House 1: I am a 4 bedroomed house with a large garden, occupied by a couple in their 70s. They bought me in the 1970s with a mortgage based on the husband’s income alone. They own me outright. I am now worth 15 times what they originally paid for me. Their two grown up children are raising families of their own in other towns, but twice a year they come back to visit and I am full of laughter and noise again.
For the rest of the year, the couple who live here have three more bedrooms than they really need and a lot more garden than they can manage.
A think-tank has suggested that the couple should be given tax incentives to move to a smaller home. Perhaps one with only two spare bedrooms rather than three. Maybe a stamp duty rebate? It’s just a suggestion. No one will be coerced or punished for not moving. It’s just free money if you do. Think about it, eh?
(Naturally the couple who live here are outraged by the disrespect for the older generation that this idea displays).
Follow the discussion here:
House 2: I am a small two-bedroomed social housing flat. My occupiers are a couple in their early thirties. They long to have children but the husband’s long term illness rules this out now. He does not work due to his disability. His wife is his full time carer. Both are on benefits. Two days a week they look after, for free, her young niece so that her sister can go out work. I like those days the best – I am at my liveliest then, and I can see that my occupiers like to be close to their niece and are pleased to help out.
The govt regards me as under-occupied because I have a ‘spare’ room.
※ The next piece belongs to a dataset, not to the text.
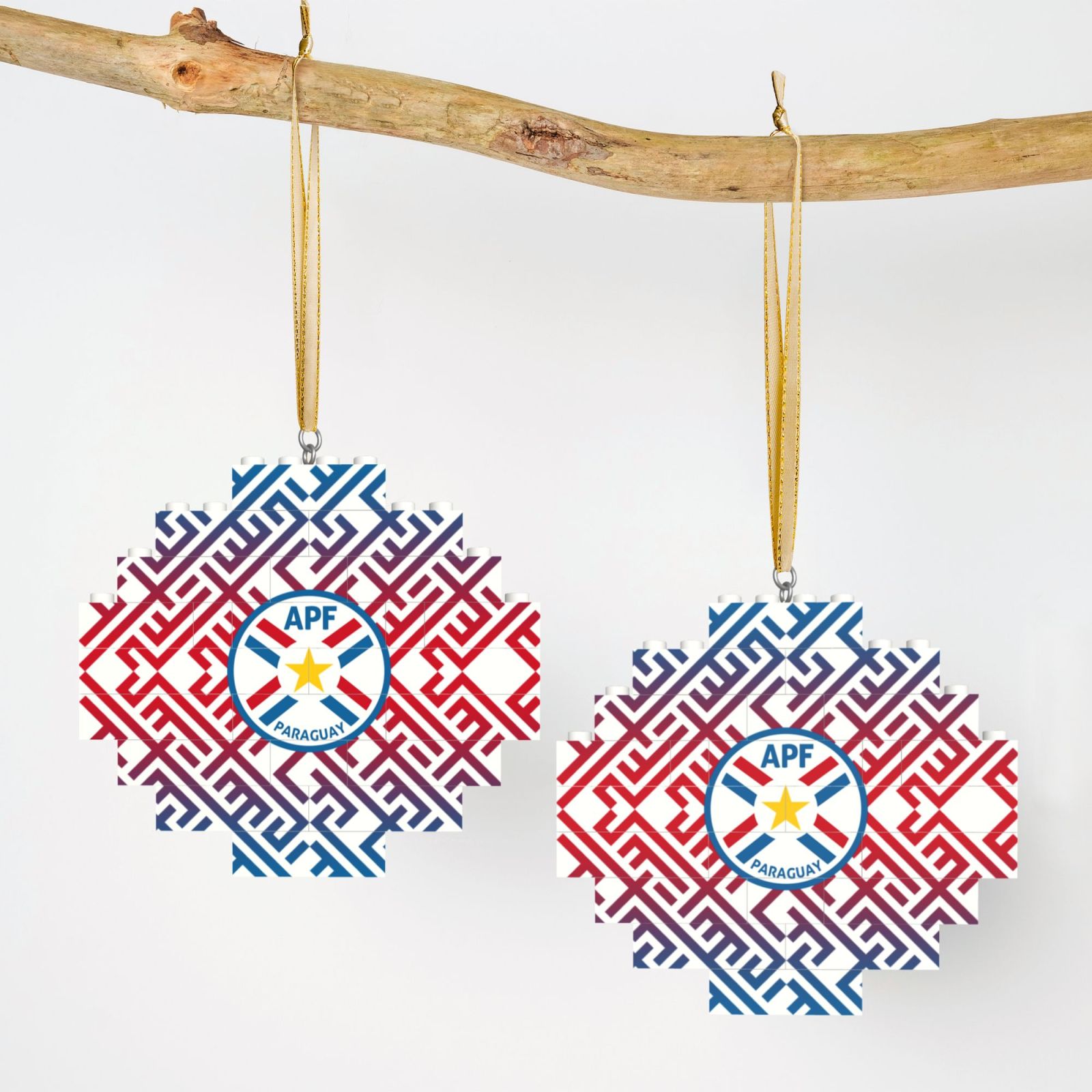 Paraguay Building Block Puzzle Ornament BBP1991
My occupiers must move out. If they do not do so their benefits will be reduced. There are no local one-bedroomed flats available so my occupiers will have to relocate to another town. They will no longer be able to care for their niece, whose mother will – in turn – lose her job. It’s a shame I suppose but why should taxpayers money pay for a half-empty house?
Consider this issue here: http://www.guardian.co.uk/politics/2011/oct/23/social-housing-windows-welfare…
House 3: I am a large family home in a lovely seaside location. I say ‘family home’ but I don’t actually have a family that lives in me all the time. ‘My’ family lives somewhere else, but they bought me as an investment holiday let which means that for 70 days of the year and sometimes more, other families do come and stay in me. That’s nice. The rest of the time I am empty. There are 245,000 other houses a bit like me. Empty most of the year. We’re a bit like spare bedrooms in a way. Only we’re ‘spare houses’. When my family first bought me they used to say that I was “a luxury from which it was hard to derive a significant income”. But now that’s changed. I have become a “year-round investment”.
That sounds good, doesn’t it? Although it might be nice to be actually lived in all the time.
Still there are already lots of good tax breaks for having a spare house.
Find out more about them here: http://www.telegraph.co.uk/finance/personalfinance/7948047/Number-of-second-h…
So to summarise:
If you are in social housing and have one spare room, shape up or ship out. We’ll take your benefits away to help you focus your mind.
If you own your own home and have more than two spare rooms, have a think about whether you might want to downsize. If you do, there’s some money in it for you.
If you’re part of the 1% of households* that’s got a whole spare house, well just keep on making the most of those tax breaks.
The Tale of Three Houses. In case you’re wondering…it’s the worst of times.
(*Calculated on the basis that there are approx 245,000 second homes in the UK and approx 25million households. Roughly.)